Minnesota State Bar Reviewing its Judicial Selection Policy

Associate Director of Communications

Following a U.S. Supreme Court decision a decade ago that allowed Minnesota judicial candidates to publicly discuss their views on legal and political issues, the state and its legal community were first confronted with the potential intrusion of politics, special interests, and money into their judiciary. In 2007, the Minnesota State Bar Association (MSBA) adopted an aspirational policy supporting merit selection and judicial performance evaluations. The MSBA is now reviewing the policy and will make recommendations on June 28 about whether or not to retain it.

While some claim that Minnesota has seen no increase in partisan speech or out-of-state money in its judicial elections since Republican Party of Minnesota v. White (2002), there is little reason to expect that Minnesota will continue to be immune to what other states without a comprehensive merit selection process have seen over the last decade. Malia Reddick, Director of the Quality Judges Initiative at IAALS, was recently interviewed about Minnesota's judicial selection system and a proposal to reform that system. According to the state constitution, Minnesota judges are chosen in nonpartisan elections, but more than 90 percent of judges initially reach the bench through vacancy appointments. By statute, the governor seeks input from a judicial nominating commission in filling trial court vacancies, and some governors have used the commission in making appellate court appointments as well. Reddick says that Minnesota's system is good, but could be even better.

It could be strengthened to prevent the possibility that Minnesota could become like other states, where all kinds of money is thrown around, where ideology is a big part of the race. The [MSBA policy] is designed to forestall that from happening.

Proponents of judicial elections claim that the partisan system acknowledges the fact that judges are people, with their own perspectives, views, and biases, and voters should know where they stand. However, such a process can erode public confidence in the courts. Reddick emphasized that openly partisan judges can “lead to infighting over which side will control the ideological balance on the court,” while a system that emphasizes a judge's qualifications, rather than how much money a judge can raise to get elected or their personal positions on hot-button issues, creates a more stable, open, and impartial judiciary.

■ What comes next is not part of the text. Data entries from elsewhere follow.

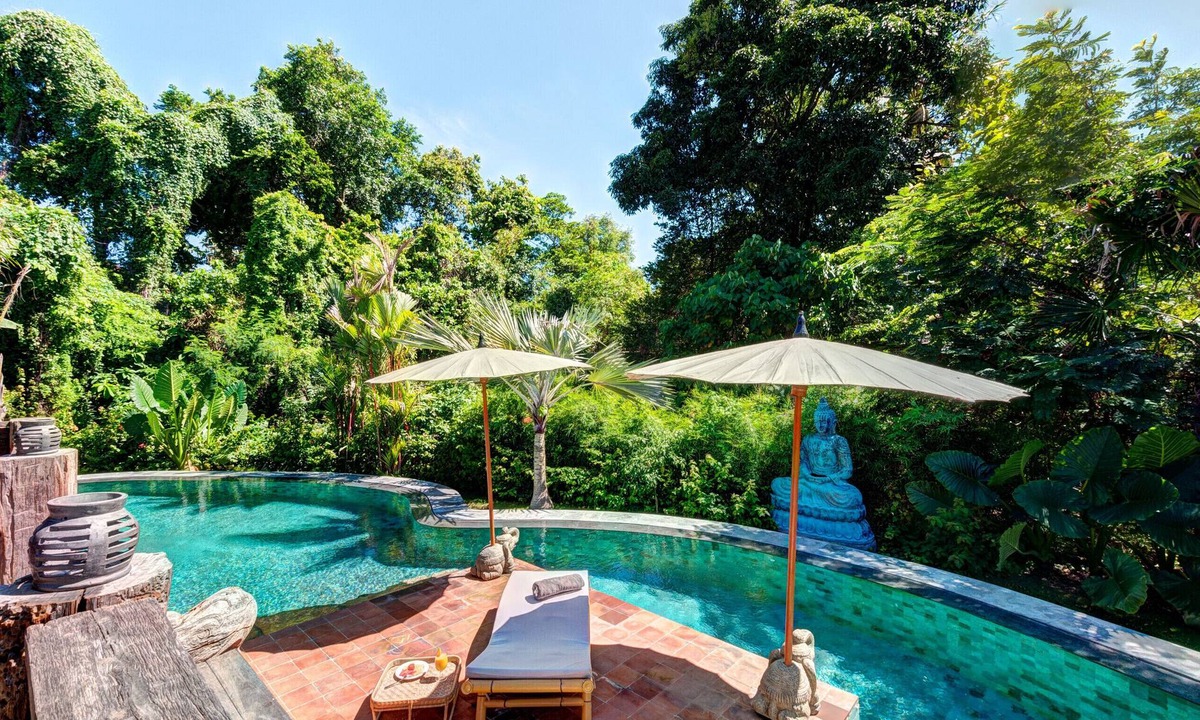 Umalas Villa | River Garden Sanctuary Luxury Joglo Villa 6 Guests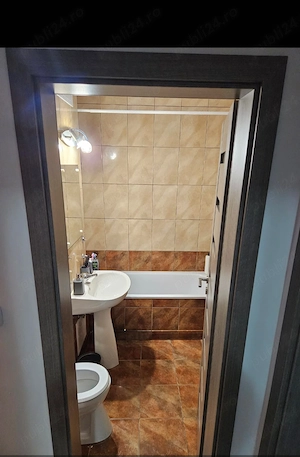 Vand apart.2 cam.decom,st.71 ,p,situat Miorita,ultramodern,etaj 6 din 8,cu centrala pe gaz. - imagine 10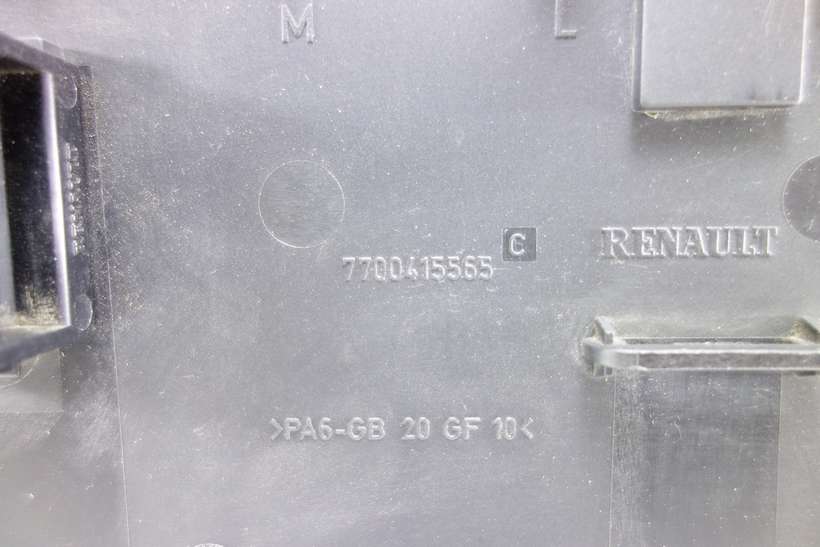 Caja de fusibles BMT Renault Clio - foto 3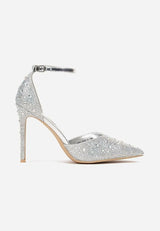 Štikle na tanku petu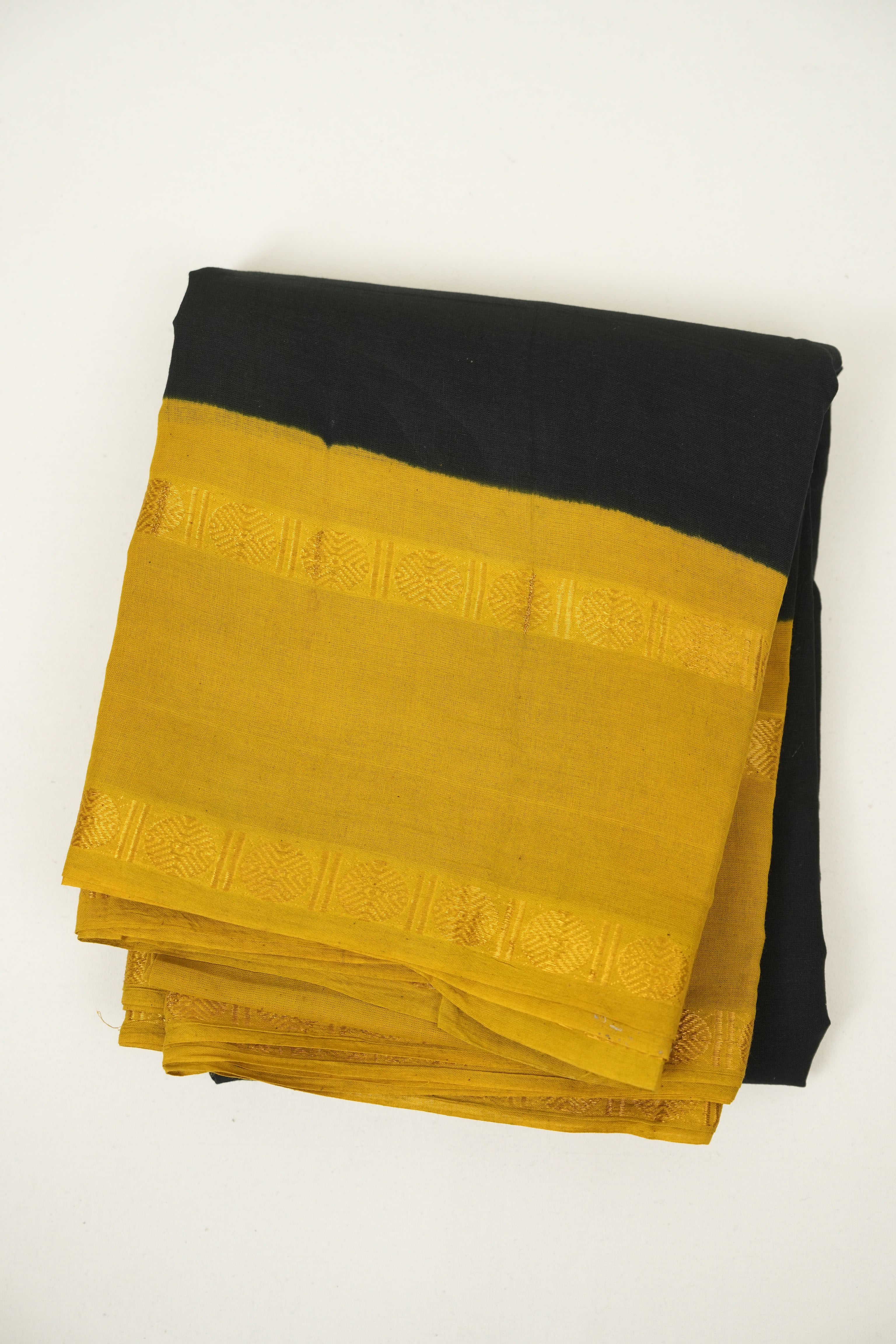 Black Sungudi Cotton Saree - SRBSCS184
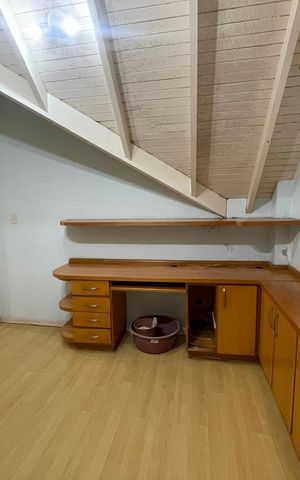 Casa à venda com 227m², 4 quartos e 3 vagas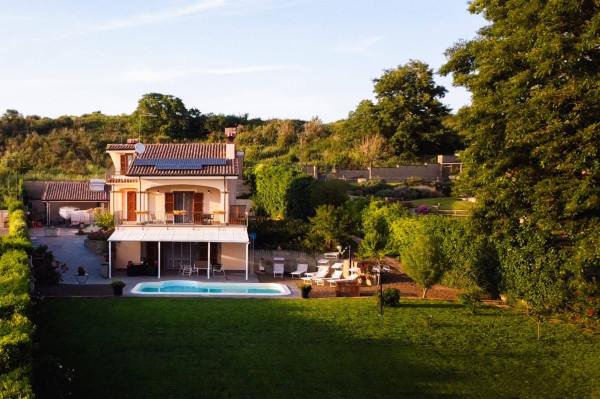 Foto di Villa con piscina e vista lago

Additionally, voters will still engage in the democratic process of selecting judges through retention elections following judicial performance evaluations. Each judge's performance is evaluated by a nonpartisan commission, focusing on competence and fairness, and the commission's recommendation will be made public before an election.

The public performance evaluation gives the public the right kind of information: a judge's knowledge of law, whether they treat parties with impartiality, their demeanor on the bench. It's a question of process rather than outcome. In a few states recently, judges have been challenged for rulings. This evaluation wouldn't take outcomes into account.

Such an evaluation is not only valuable for informing the public, but is helpful for judges to get more perspective on how they're doing their job. Whether the MSBA retains its current policy emphasizing these evaluations, and merit selection, remains to be seen, but the insights of this feedback would be beneficial in any judicial selection system.